What you are asked to do: Take the entries that follow and return exactly the lines from the one holding "MailParser.io gives you" through the one holding "Type netsh space int space ip space reset.", both included. Nothing else is needed.

Extracted information:
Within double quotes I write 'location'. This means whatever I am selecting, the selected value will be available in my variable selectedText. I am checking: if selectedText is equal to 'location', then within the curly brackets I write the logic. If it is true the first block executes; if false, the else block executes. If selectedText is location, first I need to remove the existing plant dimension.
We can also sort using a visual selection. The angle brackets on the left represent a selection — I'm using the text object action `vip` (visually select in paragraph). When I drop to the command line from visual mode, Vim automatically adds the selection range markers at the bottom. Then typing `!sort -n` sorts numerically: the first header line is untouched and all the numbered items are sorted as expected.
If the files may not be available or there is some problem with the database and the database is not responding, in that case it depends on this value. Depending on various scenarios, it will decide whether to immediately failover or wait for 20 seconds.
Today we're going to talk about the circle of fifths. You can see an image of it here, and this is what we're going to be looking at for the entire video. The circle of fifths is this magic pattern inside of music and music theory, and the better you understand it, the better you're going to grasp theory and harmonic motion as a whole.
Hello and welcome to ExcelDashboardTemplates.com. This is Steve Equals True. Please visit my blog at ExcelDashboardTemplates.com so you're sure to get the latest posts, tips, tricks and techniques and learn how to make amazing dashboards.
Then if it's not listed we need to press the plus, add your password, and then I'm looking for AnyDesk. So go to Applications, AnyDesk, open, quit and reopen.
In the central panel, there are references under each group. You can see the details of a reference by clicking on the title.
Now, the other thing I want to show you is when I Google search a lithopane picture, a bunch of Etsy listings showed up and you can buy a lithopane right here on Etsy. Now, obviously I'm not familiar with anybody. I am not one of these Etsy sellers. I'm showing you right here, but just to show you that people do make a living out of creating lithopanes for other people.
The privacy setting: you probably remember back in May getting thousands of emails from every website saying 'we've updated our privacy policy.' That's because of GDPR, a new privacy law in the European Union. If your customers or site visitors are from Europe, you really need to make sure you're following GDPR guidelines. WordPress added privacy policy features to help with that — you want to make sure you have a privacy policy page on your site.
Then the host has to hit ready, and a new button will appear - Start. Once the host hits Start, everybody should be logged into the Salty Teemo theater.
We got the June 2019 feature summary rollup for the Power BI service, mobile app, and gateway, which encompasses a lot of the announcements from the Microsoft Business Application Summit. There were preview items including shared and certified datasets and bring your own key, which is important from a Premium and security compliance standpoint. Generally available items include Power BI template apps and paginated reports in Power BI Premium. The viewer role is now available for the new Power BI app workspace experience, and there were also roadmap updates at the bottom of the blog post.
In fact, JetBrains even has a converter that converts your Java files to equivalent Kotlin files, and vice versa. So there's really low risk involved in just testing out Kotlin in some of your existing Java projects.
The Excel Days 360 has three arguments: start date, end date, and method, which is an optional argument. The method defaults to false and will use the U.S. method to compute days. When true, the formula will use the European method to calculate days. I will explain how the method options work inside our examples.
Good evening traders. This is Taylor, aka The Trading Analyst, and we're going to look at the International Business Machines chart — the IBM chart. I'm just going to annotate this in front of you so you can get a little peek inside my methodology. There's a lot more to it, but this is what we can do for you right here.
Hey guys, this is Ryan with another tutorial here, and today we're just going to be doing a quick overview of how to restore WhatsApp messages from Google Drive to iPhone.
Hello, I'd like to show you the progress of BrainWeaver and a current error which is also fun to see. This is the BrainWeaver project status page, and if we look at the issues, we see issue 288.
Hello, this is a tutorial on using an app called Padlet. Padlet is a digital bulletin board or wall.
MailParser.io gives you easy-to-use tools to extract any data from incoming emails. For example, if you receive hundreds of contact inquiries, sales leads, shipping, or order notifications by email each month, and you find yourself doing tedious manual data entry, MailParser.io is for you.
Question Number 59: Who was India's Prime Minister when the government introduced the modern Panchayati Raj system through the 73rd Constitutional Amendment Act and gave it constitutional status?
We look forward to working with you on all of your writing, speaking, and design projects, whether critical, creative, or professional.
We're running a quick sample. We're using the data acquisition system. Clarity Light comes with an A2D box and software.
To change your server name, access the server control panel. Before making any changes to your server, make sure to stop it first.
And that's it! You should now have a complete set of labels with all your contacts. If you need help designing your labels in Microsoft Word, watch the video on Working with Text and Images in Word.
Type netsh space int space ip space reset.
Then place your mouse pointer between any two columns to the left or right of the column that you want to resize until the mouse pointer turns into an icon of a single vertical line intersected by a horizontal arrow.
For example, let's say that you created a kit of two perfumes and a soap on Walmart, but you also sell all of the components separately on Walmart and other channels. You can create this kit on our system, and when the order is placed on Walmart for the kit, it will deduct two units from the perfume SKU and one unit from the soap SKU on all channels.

Result:
MailParser.io gives you easy-to-use tools to extract any data from incoming emails. For example, if you receive hundreds of contact inquiries, sales leads, shipping, or order notifications by email each month, and you find yourself doing tedious manual data entry, MailParser.io is for you.
Question Number 59: Who was India's Prime Minister when the government introduced the modern Panchayati Raj system through the 73rd Constitutional Amendment Act and gave it constitutional status?
We look forward to working with you on all of your writing, speaking, and design projects, whether critical, creative, or professional.
We're running a quick sample. We're using the data acquisition system. Clarity Light comes with an A2D box and software.
To change your server name, access the server control panel. Before making any changes to your server, make sure to stop it first.
And that's it! You should now have a complete set of labels with all your contacts. If you need help designing your labels in Microsoft Word, watch the video on Working with Text and Images in Word.
Type netsh space int space ip space reset.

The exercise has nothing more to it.